Now there's a lot that goes into
that statement, but let's just
save that for another podcast on
the future of computer interface.
Now who can really blame all the
vendors for coalescing around the thing?
Here's an ecosystem that legitimately
allows these vendors to extend
their offerings to places they've
never had access to before.
Every major software vendor sees
the same thing, a universal standard
for connecting AI to everything.
The write once integrate everywhere
promise that the industry
has been chasing for decades.
No shade.
This is a genuine.
Infrastructure shift, the kind that
rewrites how systems talk to each other.
But infrastructure shifts are
still governed by physics and when
adoption is driven by competitive
pressure rather than considered
architecture, the physics catch up fast.
So here's where the
commentators get it wrong.
Everybody's talking about MCP servers.
How many servers do you have
connected to your agent?
Has your competitor release remote
MCP servers or are they still using
standard io, which is local resources?
Servers are the unit of measuring
every article, every conference
talk, every vendor pitch.
Server count is a vanity metrics.
The real number that
matters is tool count.
When you connect an MCP server to
your agent, the LLM doesn't just
learn there's a server over there.
Every tool that that server exposes
is loaded into the context window.
It's name, it's description,
it's parameters, it's schema.
That's the menu that LLM has to
read before it can do anything.
And here's the part that
catches teams off guard.
A single MCP server can expose
somewhere between 17 and 50 tools.
One server connected to your GitHub
repository might expose tools for
creating issues, managing pool requests,
listing repos, handling branches,
managing labels, and on and on.
One server, dozens of tools.
As a middle market, CEO, you think you're
being conservative and allowing things
to play out because why would you and
your team want to push the envelope?
Say you've got five MCP servers,
maybe a CRM MCP server, a file system
MCP server, a database MCP server, a
communications platform MCP server,
and something for project management.
Five servers.
Sounds manageable.
Except those five servers might
be pushing 80 to a hundred to
150 tools, descriptions into the
context window on every single call.
Your operators at level 300 and above
are already maxing out this window.
Cursor, heart capped their
tool limit at 40, regardless of
how many servers you connect.
That's not a design choice,
that's an admission.
Developers on GitHub are reporting
that performance starts to degrade,
noticeably around 50, tools.
Over 80 and one developer said
there are reported issues.
Claude just shipped a
feature called MCP Tool.
Search that lazy loads tool descriptions
instead of dumping them all into the
context window at session startup.
Because with seven or more in
servers, users were losing 50
to 70% of their context window
before they'd even typed a prompt.
Let me say that again.
50 to 70% of AI's working memory
consumed by tool descriptions
before you ask it anything.
That's not a scaling problem you
see on the vendor's pitch deck.
That's the physics catching up.
Now, here's where things go sideways.
And I don't mean gradually, I mean like
floors collapsing under a great weight.
The tool count problem I just
described, that's just a snapshot.
It's what your system looks like today.
But MCP (model context protocol) has
more surface area that most vendors
aren't even considering implementing.
Tools are just one primitive.
The protocol also defines
resources, prompts, and sampling
flow where servers can request
the LLM to do work on its behalf.
And we haven't even gotten to
Roots and Elicitation primitives.
They deserve a podcast
episode of their own.
You may think.
That doesn't sound like a bad thing.
It is.
It means that your current tool
count is the floor, not the ceiling.
As vendors mature their implementations
and they will, because that's
how competitive markets work.
Each service context footprint will grow.
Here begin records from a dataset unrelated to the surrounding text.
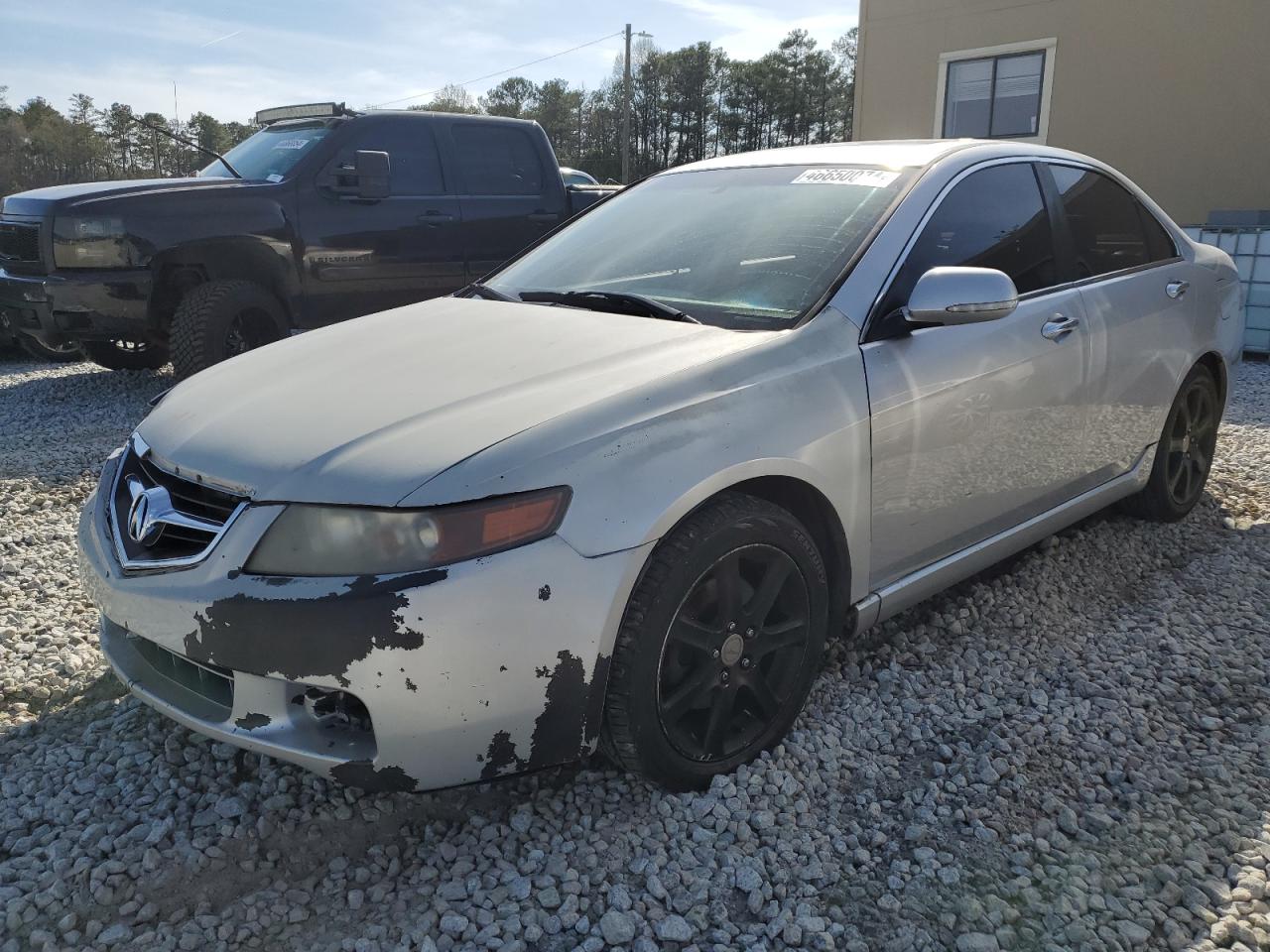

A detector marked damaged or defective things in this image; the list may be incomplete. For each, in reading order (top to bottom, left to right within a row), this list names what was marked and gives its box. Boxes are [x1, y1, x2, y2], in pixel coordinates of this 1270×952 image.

damaged front bumper [78, 460, 651, 789]
cracked headlight [244, 488, 572, 575]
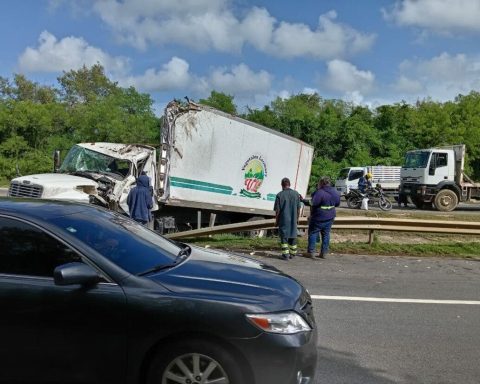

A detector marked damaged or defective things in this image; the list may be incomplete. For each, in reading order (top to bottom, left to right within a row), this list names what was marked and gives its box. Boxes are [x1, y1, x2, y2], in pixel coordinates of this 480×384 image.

damaged white truck [9, 100, 316, 232]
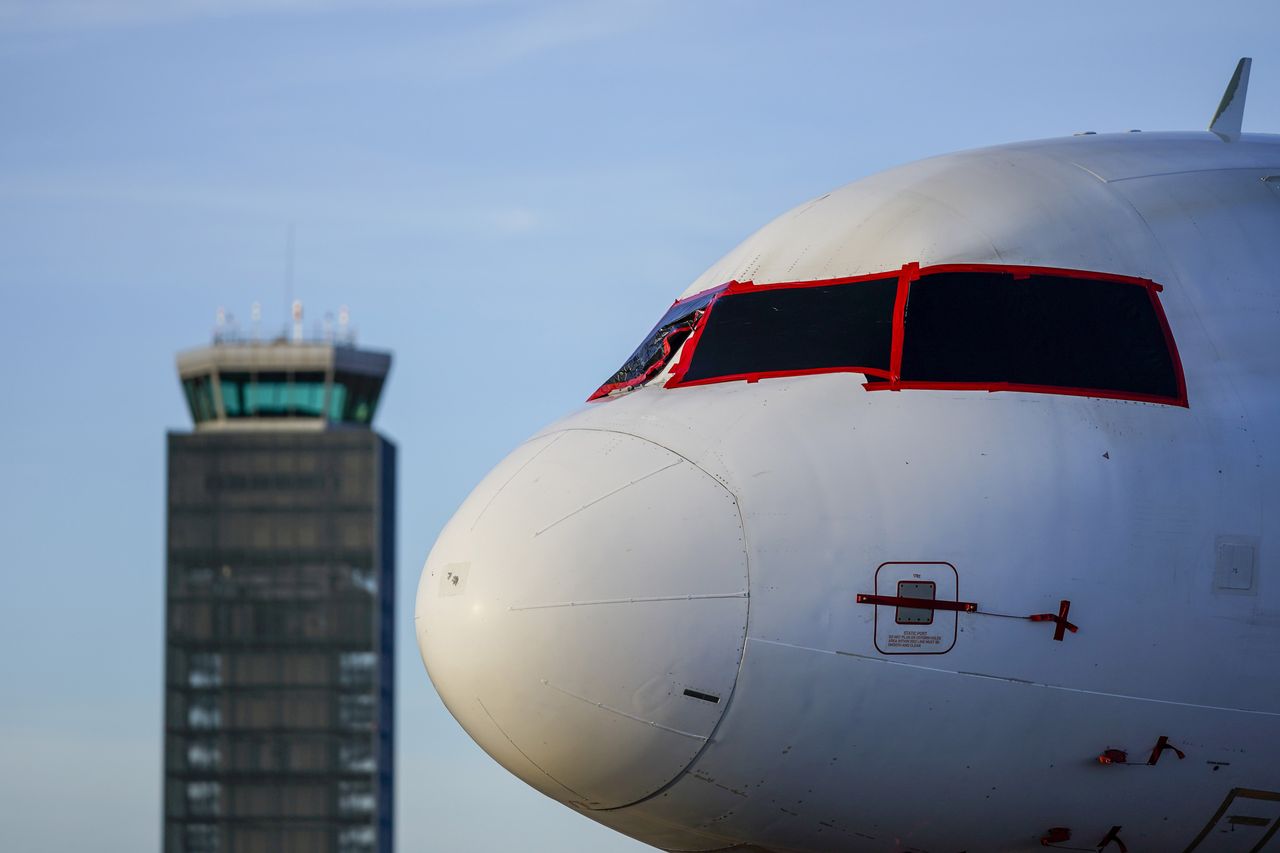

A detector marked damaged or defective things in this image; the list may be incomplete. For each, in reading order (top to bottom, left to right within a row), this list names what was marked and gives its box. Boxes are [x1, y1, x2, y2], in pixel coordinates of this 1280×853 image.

broken cockpit window [586, 284, 727, 399]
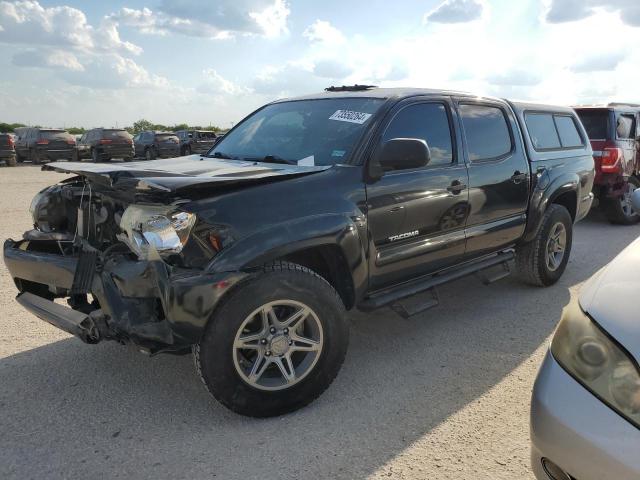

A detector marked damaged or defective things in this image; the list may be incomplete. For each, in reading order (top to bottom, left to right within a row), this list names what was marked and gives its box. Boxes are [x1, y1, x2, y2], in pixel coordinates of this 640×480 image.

crushed front end [3, 174, 244, 354]
crumpled hood [43, 158, 330, 195]
damaged toyota tacoma [5, 88, 596, 418]
crumpled hood [576, 236, 640, 360]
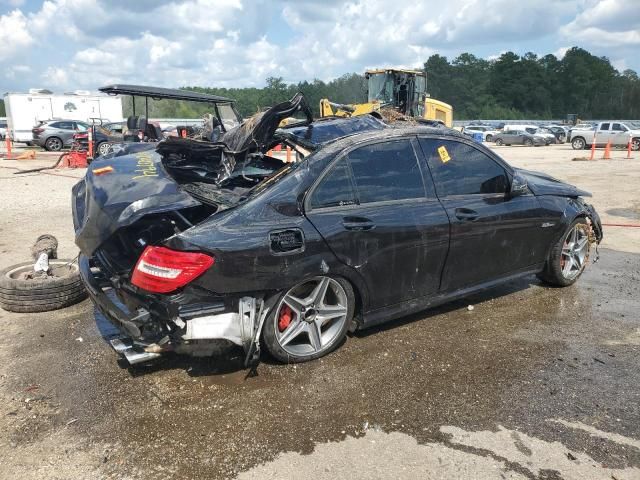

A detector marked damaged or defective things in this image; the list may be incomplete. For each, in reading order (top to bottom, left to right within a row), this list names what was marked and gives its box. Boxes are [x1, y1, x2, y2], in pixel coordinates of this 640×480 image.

crushed car roof [101, 85, 236, 104]
crumpled hood [71, 149, 200, 255]
crumpled hood [516, 169, 592, 197]
wrecked black sedan [72, 95, 604, 366]
detached spare tire [0, 260, 87, 314]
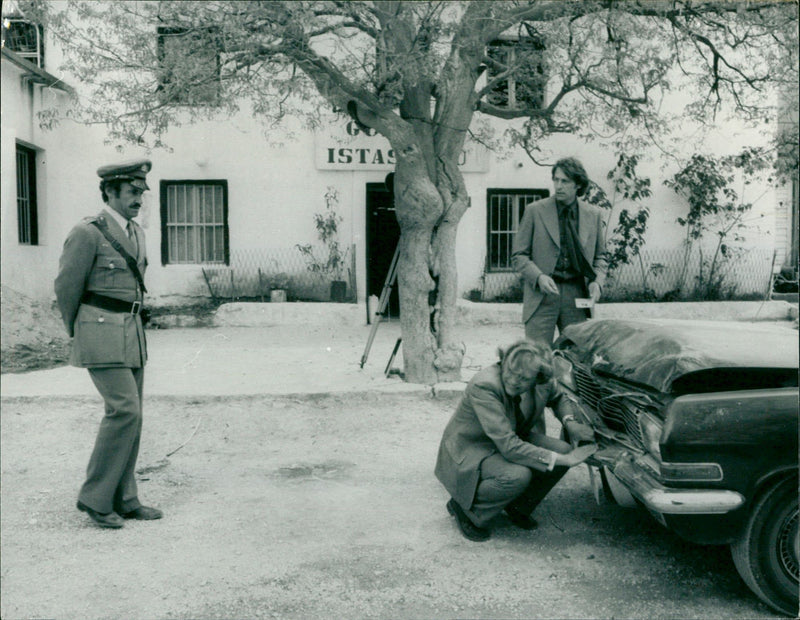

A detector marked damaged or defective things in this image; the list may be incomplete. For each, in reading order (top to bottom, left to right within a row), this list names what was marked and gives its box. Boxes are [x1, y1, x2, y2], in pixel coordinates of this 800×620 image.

The CRM MCP server that ships
with 20 tools today could expose
40 next quarter when the vendor
implements resource subscriptions.
Your database MCP server could double its
context cost when it adds sampling, and
you will not have deployed anything new.
You will not have made a decision
to shrink your context window.
A vendor pushed an update and your context
window got smaller, noticeably smaller.
But the third party vendors
aren't your only exposure.
In past episodes, we've talked
at length about the benefits
of custom internal MCP servers.
We've suggested you think
of them as IT Silo busters.
You and your team could decide
to implement more of the MCP
protocol within your organization.
Building custom internal MCP servers,
providing better service to your users.
Richer tool descriptions, more complete
schemas sampling flows that let your
servers orchestrate work autonomously.
All good engineering decisions, all
providing genuine value, and every
single one exacerbating the problem.
This is the part that
nobody is telling you.
Competence accelerates the problem.
The team's doing MCP, right?
Using the protocols primitives,
they are the ones that will eat
up the context windows fastest.
The work slop that passes for most third
party vendors, MCP servers will allow
you to push this problem off for a while.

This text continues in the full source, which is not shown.